Si la COP21 n’offre pas les outils permettant d’enclencher cette transition, cela ne veut pas pour autant dire qu’ils n’existent pas. En regardant vers le passé, il est aisé de collecter les idées qui doivent soutenir cet accord. Ainsi, il est maintenant clair que toute forme de subvention dans les combustibles fossiles doit cesser tant ces derniers constituent un frein énorme à la transition énergétique. D’autre part, les subventions, mais aussi les investissements privés, doivent être augmentés et redirigés vers différents secteurs. En premier, vers la recherche et le développement de nouvelles technologies sobres en carbone. En deuxième, vers les actions les plus efficaces en terme de réduction de CO2 par euro investi.
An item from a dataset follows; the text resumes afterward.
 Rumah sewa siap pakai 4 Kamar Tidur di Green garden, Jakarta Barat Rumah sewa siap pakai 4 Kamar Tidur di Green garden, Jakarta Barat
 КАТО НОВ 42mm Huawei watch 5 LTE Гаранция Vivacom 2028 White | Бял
Dans ce dernier cas, il ne s’agit pas de se focaliser uniquement sur l’éolien et le solaire, mais aussi d’ouvrir le débat sur la place du nucléaire. Les risques et les conséquences du changement climatique sont-ils plus ou moins élevés que l’utilisation du nucléaire comme énergie de transition ? Mais aussi sur l’utilisation des voitures à très faible consommation de carburants, au lieu de ne se focaliser que sur les électriques dont les prix restent trop élevés (et offre donc un ratio réduction de CO2 par € investi peu attrayant). Le domaine des transports publics à tout à gagner, selon les villes et leur modèle urbain, c’est effectivement dans ce secteur des transports que ce ratio devrait être le plus intéressant.
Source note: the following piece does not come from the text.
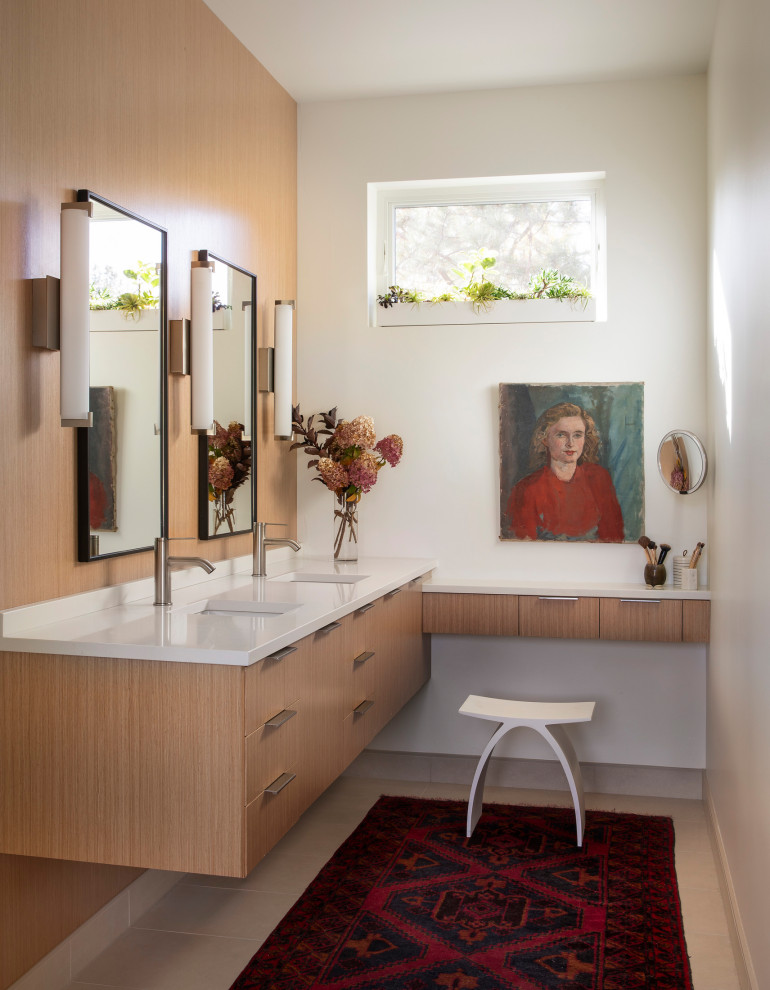 Mid-Century Badezimmer En Suite mit hellen Holzschränken, Doppelwaschbecken und eingebautem Waschtisch in Sonstige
La consommation des ménages, de son côté, gagnerait à être remplacée par des investissements dans les technologies sobres en carbone ou dans la consommation de services dématérialisés sobres en carbone. Ces services se développent doucement à travers des coopératives locales, basées sur des circuits courts, des projets énergétiques communautaires, etc. La manière dont notre modèle urbain est conçu peut aussi être améliorée. Cela concerne principalement la gestion des eaux, le recyclage des déchets et la création d’espaces verts où une série d’idées sont à trouver dans les textes de Rob Hopkins. À ce sujet, une meilleure gestion des biens communs par une institutionnalisation d’un “secteur des communs”, tant prôné par Elinor Ostrom, doit aussi faire l’objet d’une plus grande réflexion.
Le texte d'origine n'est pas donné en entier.